Leave out the pictures, and retype the remaining data exactly.

DATA SEGMENT:
###
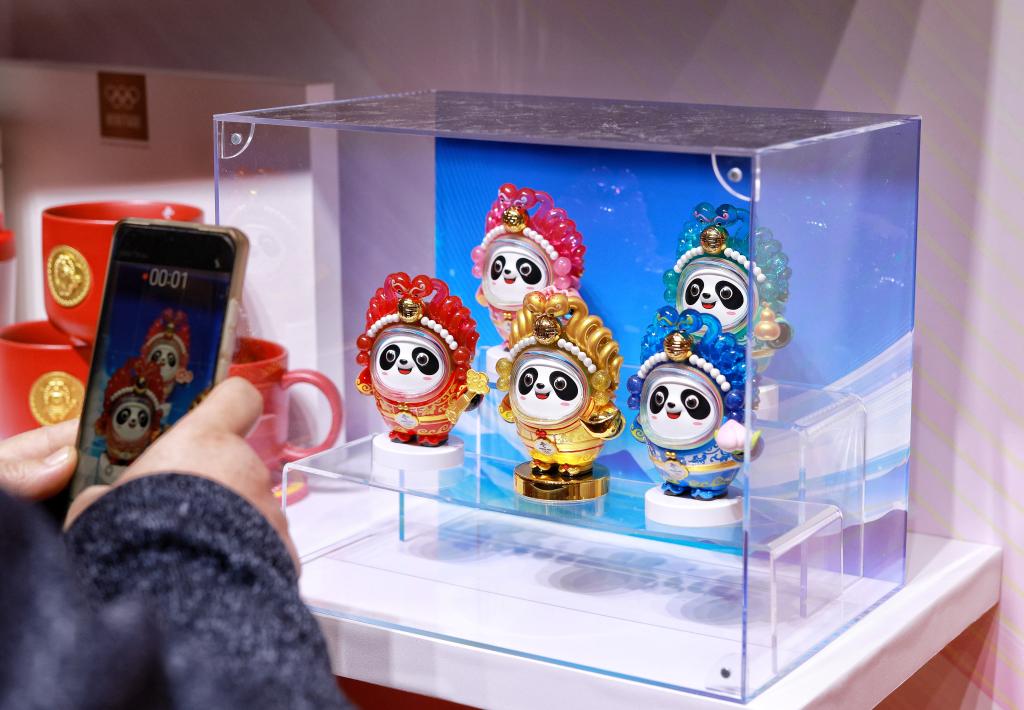 Chinese zodiac snake version of Bing Dwen Dwen launched in Beijing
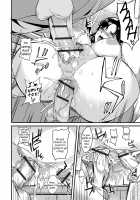 Oku-san ga Shiranai Kairaku / 奥さんが知らない快楽 [Hanpera] [Original] Thumbnail Page 80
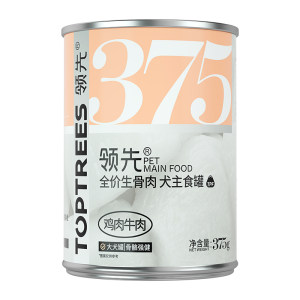 Leading the full price of raw meat dog staple food can adult dog puppy pet snack nutrition wet food canned dog 375g
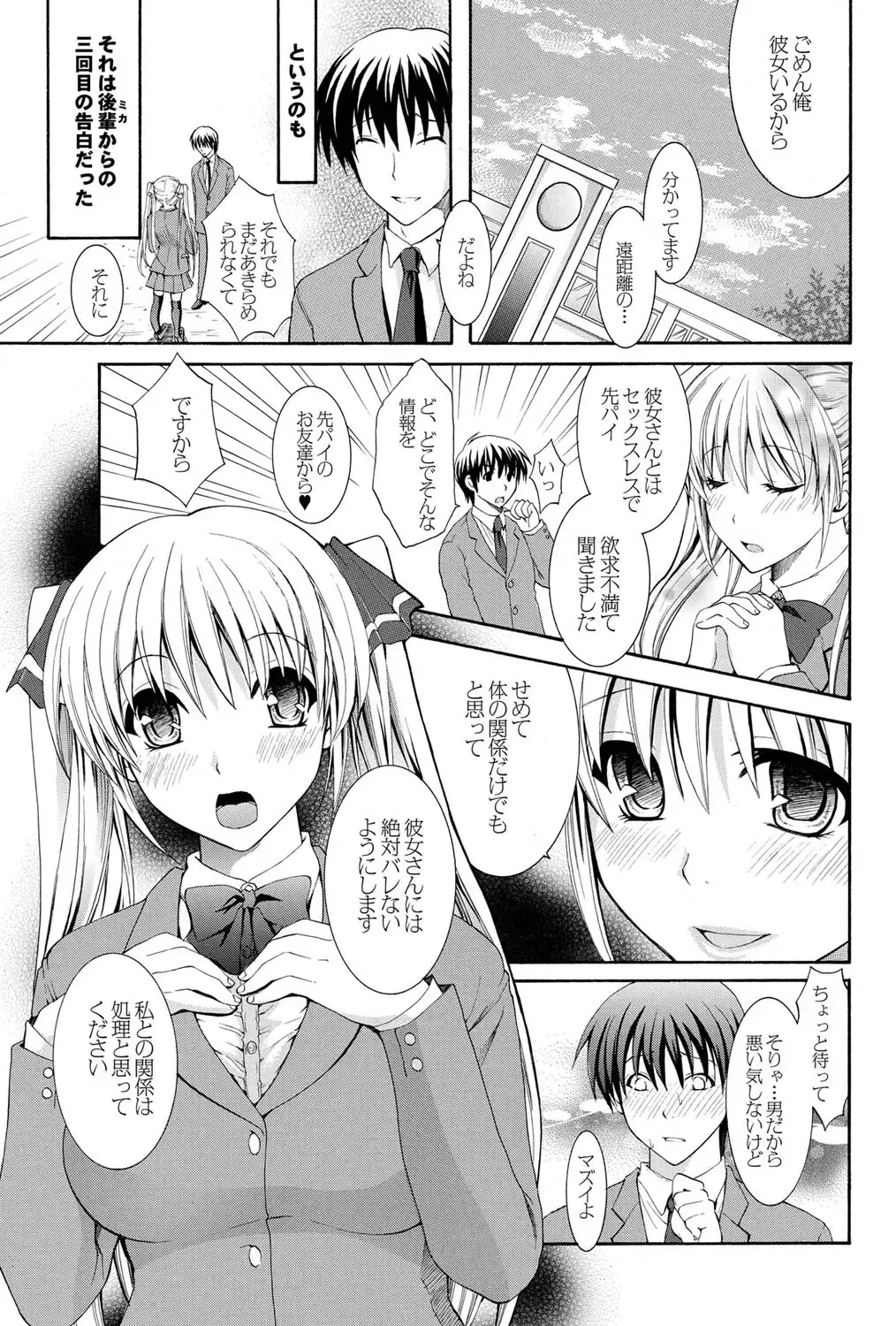 COMIC Purumelo 2011-04 Fhentai - Page 60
###
OUTPUT BELOW:
 Chinese zodiac snake version of Bing Dwen Dwen launched in Beijing
 Oku-san ga Shiranai Kairaku / 奥さんが知らない快楽 [Hanpera] [Original] Thumbnail Page 80
 Leading the full price of raw meat dog staple food can adult dog puppy pet snack nutrition wet food canned dog 375g
 COMIC Purumelo 2011-04 Fhentai - Page 60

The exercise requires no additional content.